Coordinator of Emergency Relief for the United Nations, Mr Mark Lowcock, on Friday, May 25, confirmed the release of $30 million from the United Nation’s Central Emergency Response Fund, CERF, to urgently intensify relief efforts in West Africa’s Sahel, where an acute drought has escalated.
CERF has allocated over $100 million for life-saving humanitarian response in the region since 20q7.
Thousands of families have exhausted their food reserves and are cutting down on daily meals and up to 1.6 million children are at risk of life-threatening malnutrition, and five million people need food and livelihoods assistance in what is expected to soon be the worst lean season — when food stocks deplete ahead of the next harvest – in years.
“To avert a catastrophe, we need to act early to get assistance quickly to the most vulnerable people. The window of opportunity to help these communities during the lean season and the most difficult months ahead is closing soon,” said Mr Lowcock. “CERF is without question one of the most effective ways to get urgent aid to people who need it the most.”
The CERF funds will enable humanitarian partners to reach affected people in the worst-hit communities, particularly in pastoral and agro-pastoral areas in Burkina Faso, Chad, Mali and Mauritania.
In Chad, where the number of children suffering from severe acute malnutrition has more than doubled over recent months, a $10 million allocation will provide food security and nutrition assistance for close to half a million people.
Burkina Faso is facing an upsurge in insecurity and the worst food insecurity in years. An allocation of $9 million will enable the provision of food assistance and the treatment of acute malnutrition in the most affected areas.

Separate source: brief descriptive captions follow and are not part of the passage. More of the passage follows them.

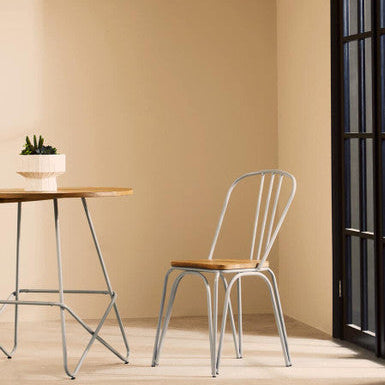 District Grey Finish Metal Frame Dining Chair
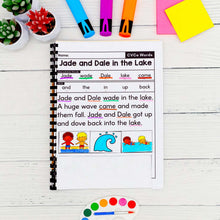 Load image into Gallery viewer, 50 CVCe Words Decodable Read &amp; Sequence Phonics Passages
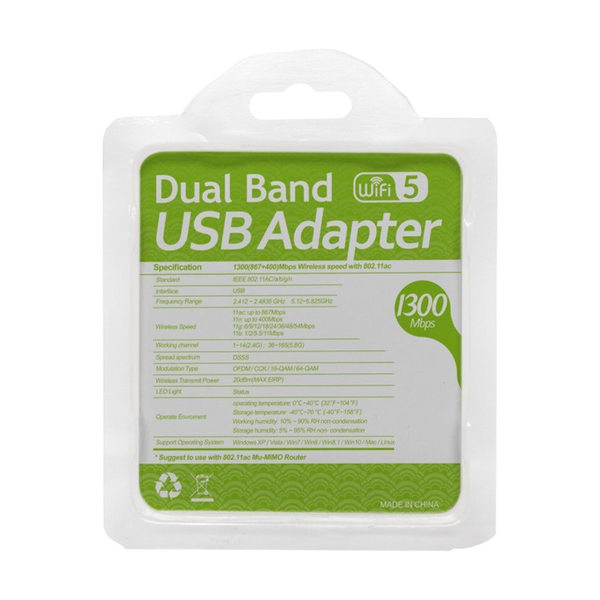 Adaptador USB 3.0 WIFI Dual Band 1300MBPS 802.11B/G/N (RTK 8812) XUE® RTK 8812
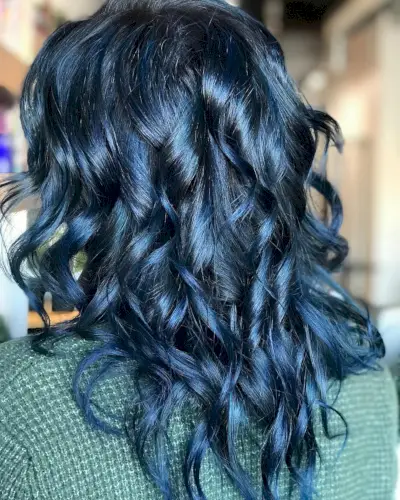 Shiny Curly Dark Blue Hair Color
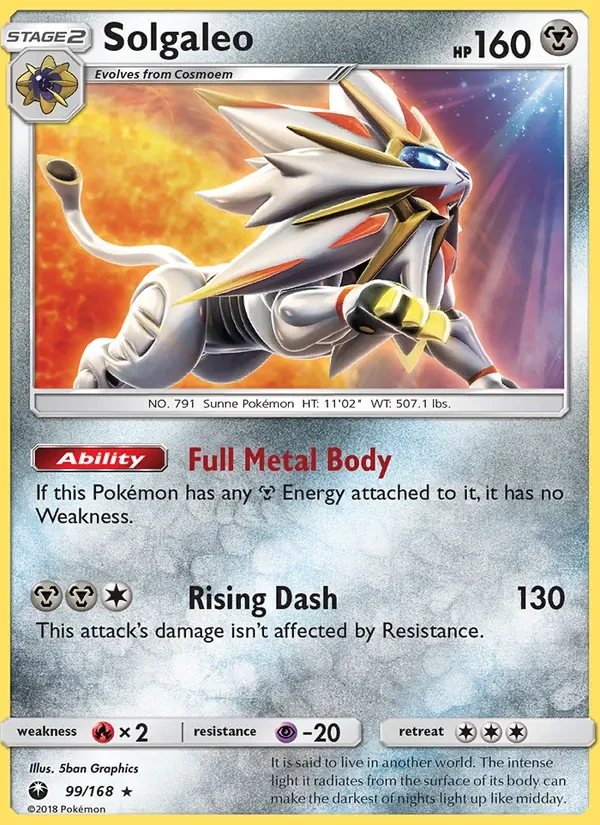 Solgaleo 99/168 Celestial Storm Pokémon card
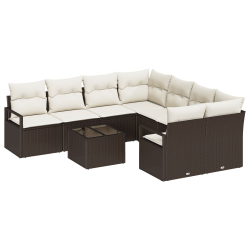 9-częściowy zestaw sof ogrodowych z poduszkami w brązowym rattan, 2-osobowa sofa ogrodowa z przechowalnią i poduszkami w brązowym rattan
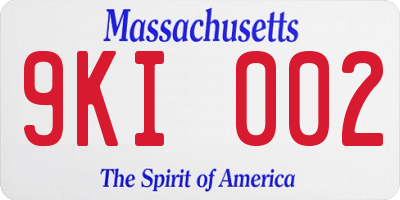 MA license plate 9KI002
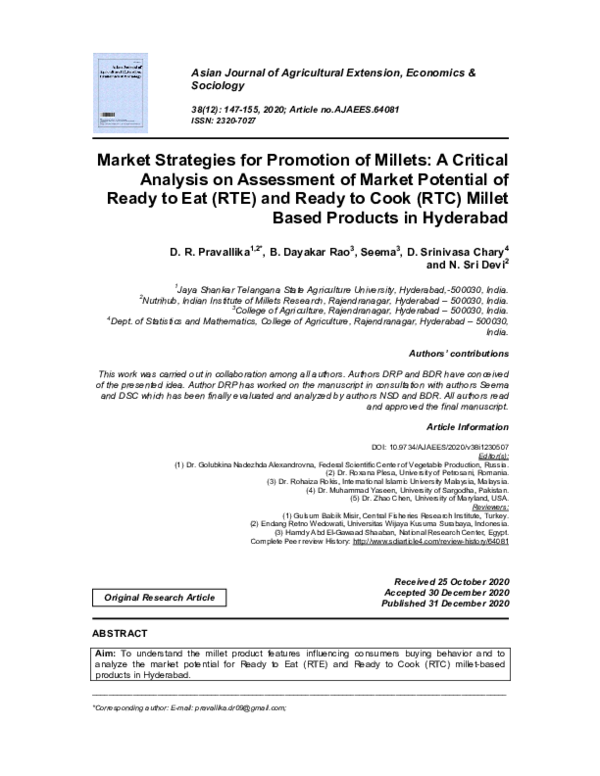 (PDF) Market Strategies for Promotion of Millets A Critical Analysis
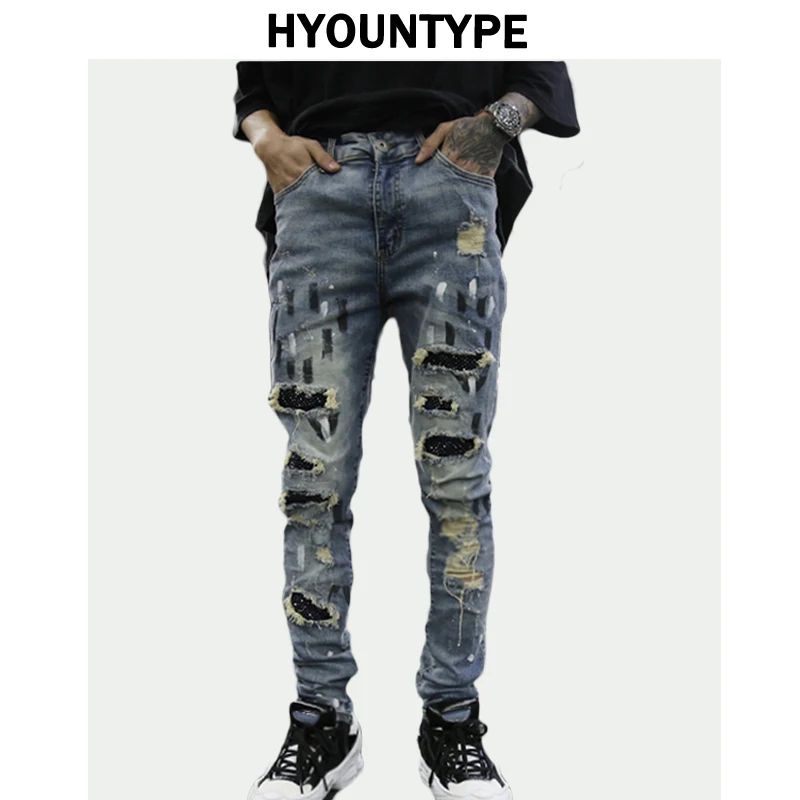 

Graffiti Printed Ripped Destroied Denim Jean Mens Distressed Biker Jeans with Sequins 2018 Fashion High-street Slim Pants Jogger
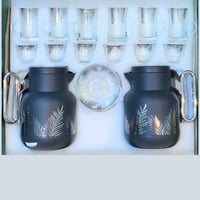 طقم ترامس وكاسات وبيالات بنقشة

In Mauritania, CERF has allocated $4 million to kick-start the provision of food, nutrition and livestock assistance as well as humanitarian air services.
The remaining $7 million will support lifesaving activities in the most affected areas of Mali, which has also seen food insecurity increase by 50 percent, compounded by the impact of ongoing conflict.
Additional funds are urgently required to sustain support to affected communities.
“I thank all donors for their generous contributions to CERF without which we would not have been able to provide this urgent support,” said Mr Lowcock. “But CERF funds alone are inadequate to tackle this crisis. I therefore call on all donors to do even more to help prevent a further deterioration of this situation. While we are responding to immediate life-saving needs of women, children and men, we must at the same time ensure that our response supports longer term solutions and resilience of the people of the Sahel.”
A total of $1.37 billion is needed to support most vulnerable people in drought-affected areas of Burkina Faso, Chad, Mali, Mauritania, Niger and Senegal, Business post reports.